Return all of the data exactly, omitting any images.

(Data)

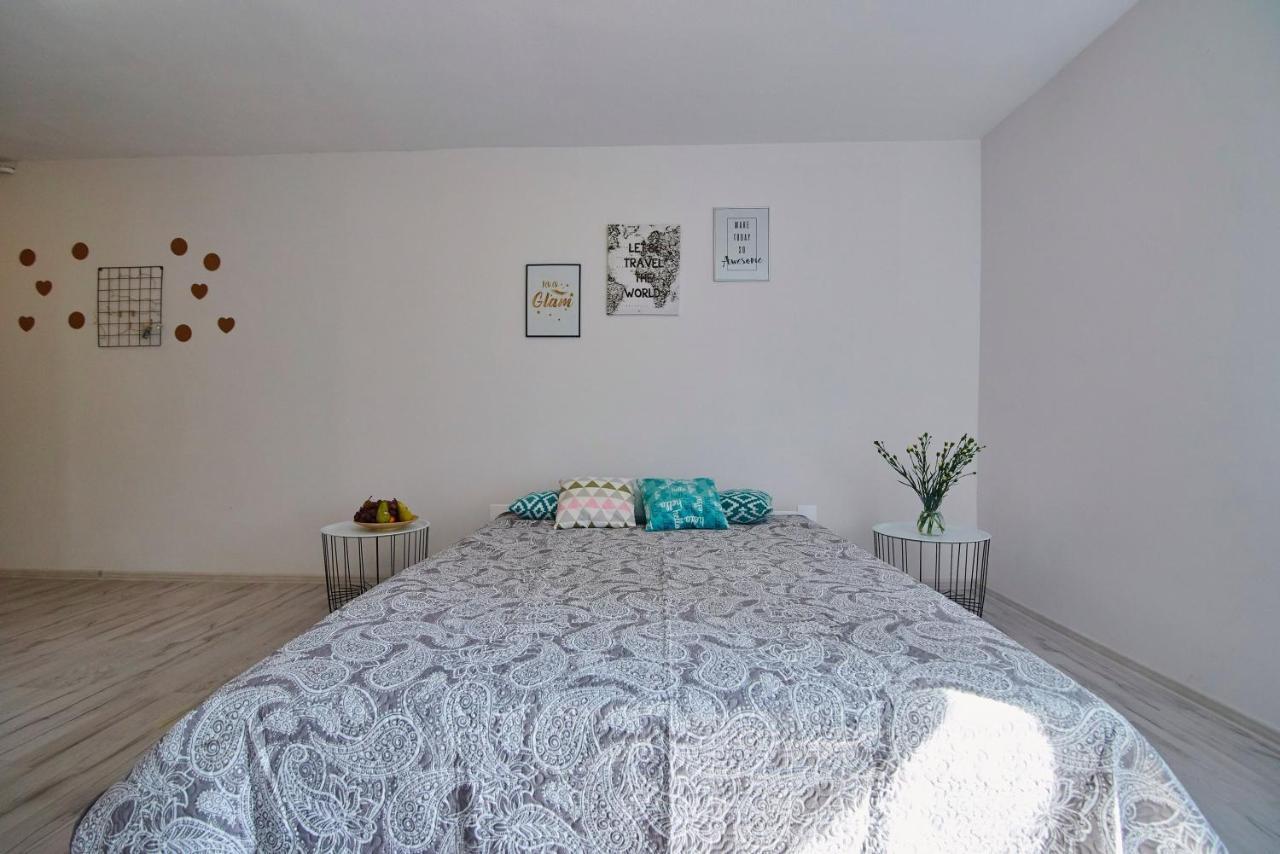 Regem Apartments Plonska Варшава Екстер'єр фото
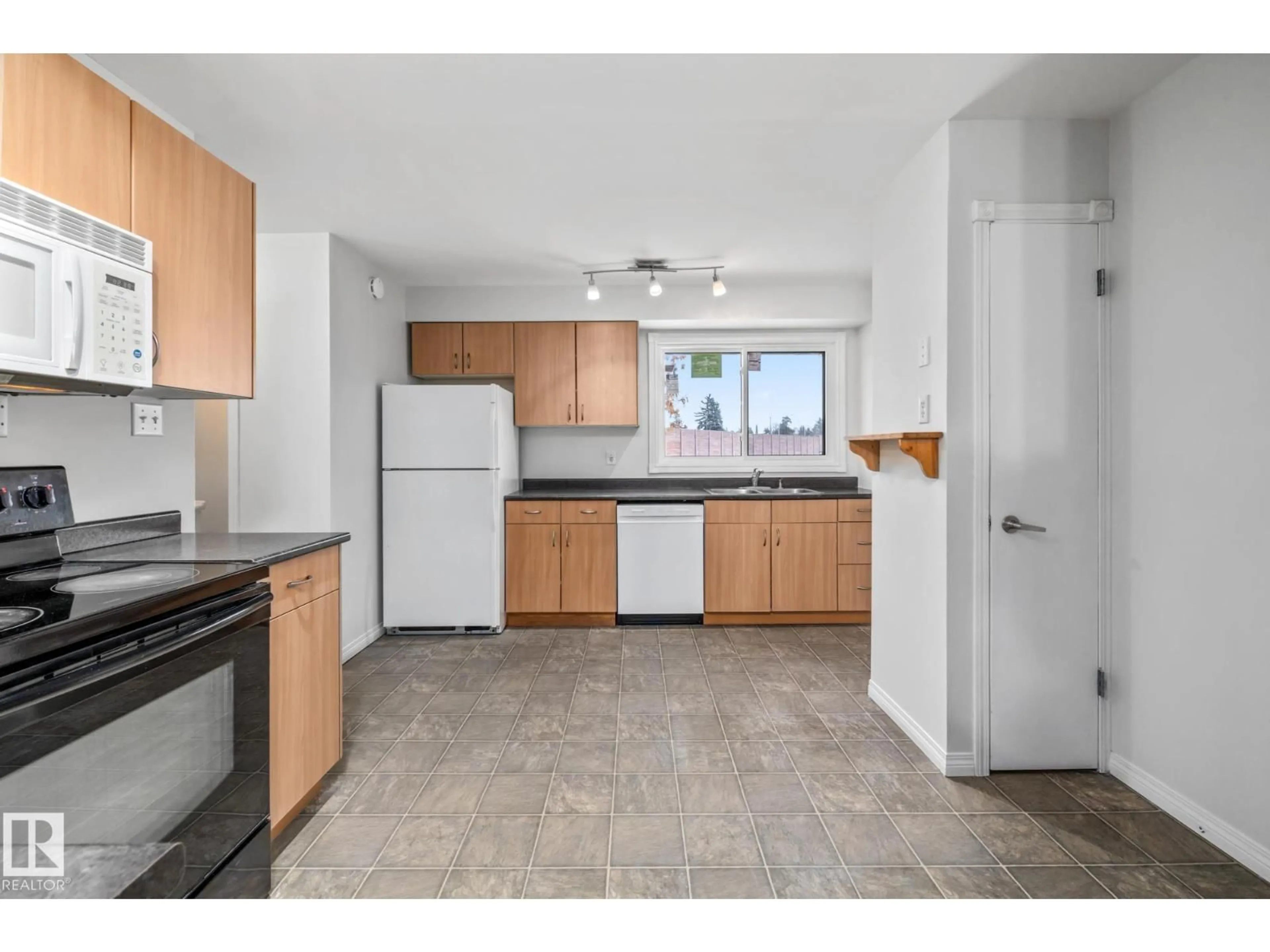 Standard kitchen, unknown for 145B ROYAL RD, Edmonton Alberta T6J2E7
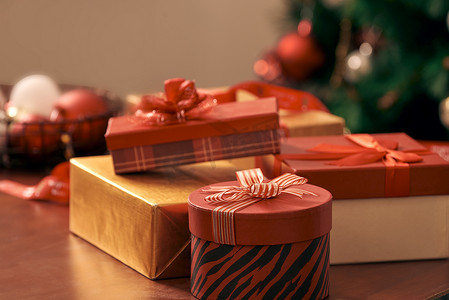 圣诞节和新年的礼品包装。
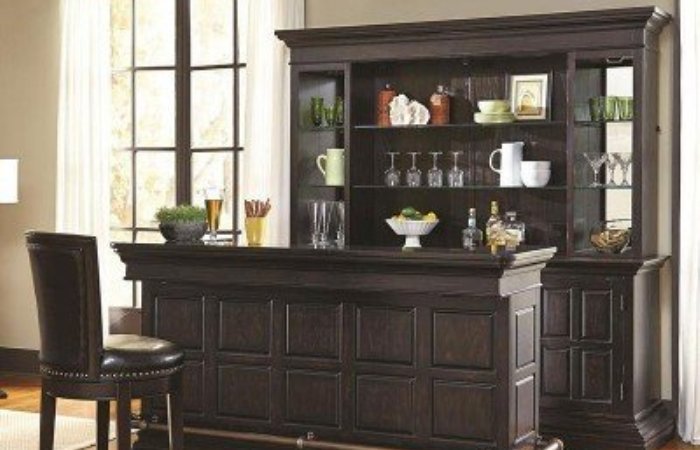 Corner Mini Bar Design in Living Room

(End Data)

### Output of the exercise
 Regem Apartments Plonska Варшава Екстер'єр фото
 Standard kitchen, unknown for 145B ROYAL RD, Edmonton Alberta T6J2E7
 圣诞节和新年的礼品包装。
 Corner Mini Bar Design in Living Room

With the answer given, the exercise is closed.